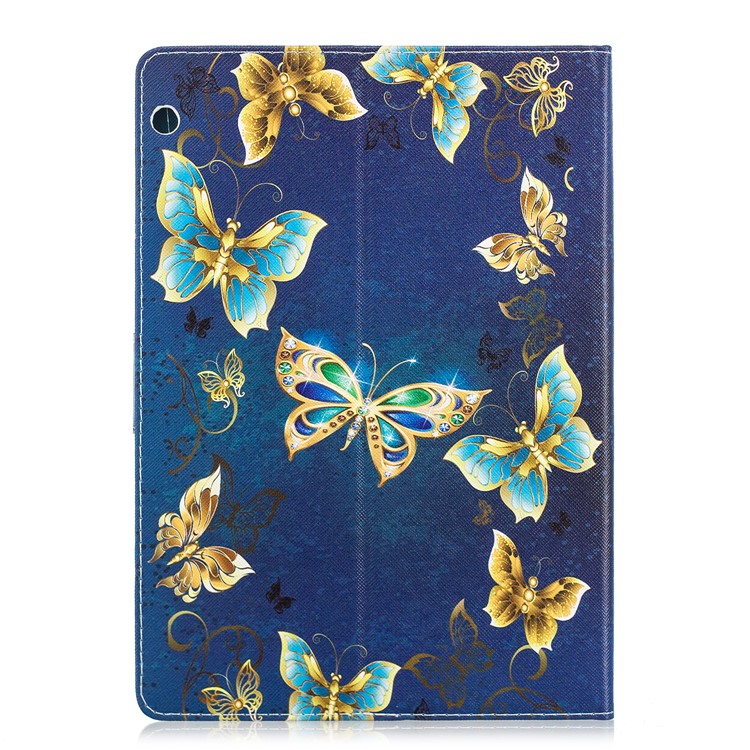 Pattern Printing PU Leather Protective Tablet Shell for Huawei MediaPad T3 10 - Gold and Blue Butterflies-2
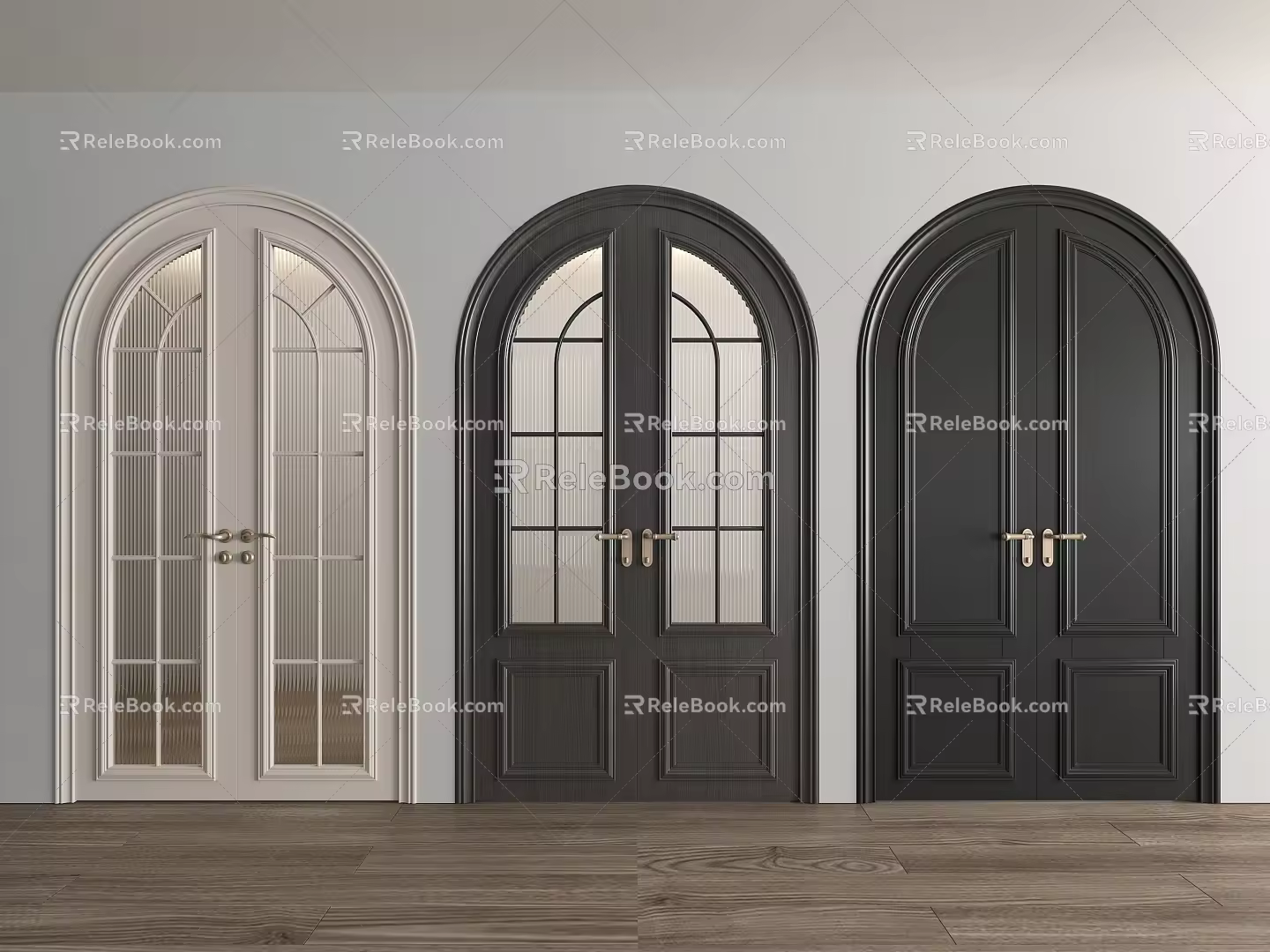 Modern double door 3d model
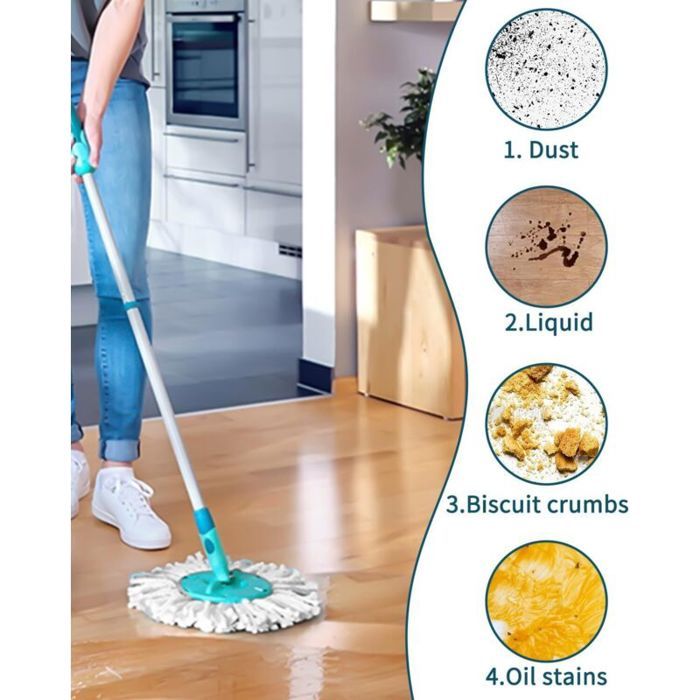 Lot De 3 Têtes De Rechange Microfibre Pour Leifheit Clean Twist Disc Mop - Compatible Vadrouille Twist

- - -

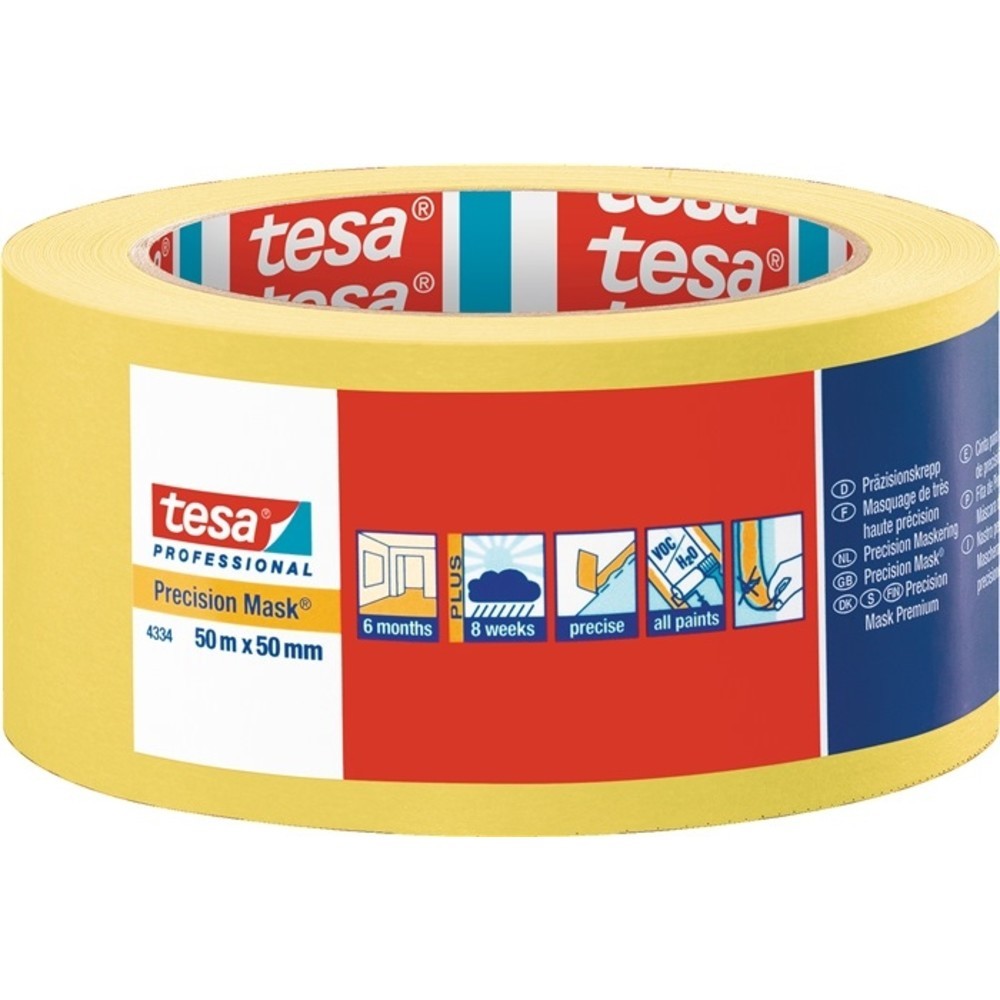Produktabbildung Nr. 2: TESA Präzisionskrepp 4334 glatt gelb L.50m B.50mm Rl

- - -

■ **Task to complete**
Return the stretch of data that begins with the line showing "Pattern Printing PU" and goes on through the line showing "Lot De 3 Têtes", exactly, with pictures removed.

■ **Task output**
 Pattern Printing PU Leather Protective Tablet Shell for Huawei MediaPad T3 10 - Gold and Blue Butterflies-2
 Modern double door 3d model
 Lot De 3 Têtes De Rechange Microfibre Pour Leifheit Clean Twist Disc Mop - Compatible Vadrouille Twist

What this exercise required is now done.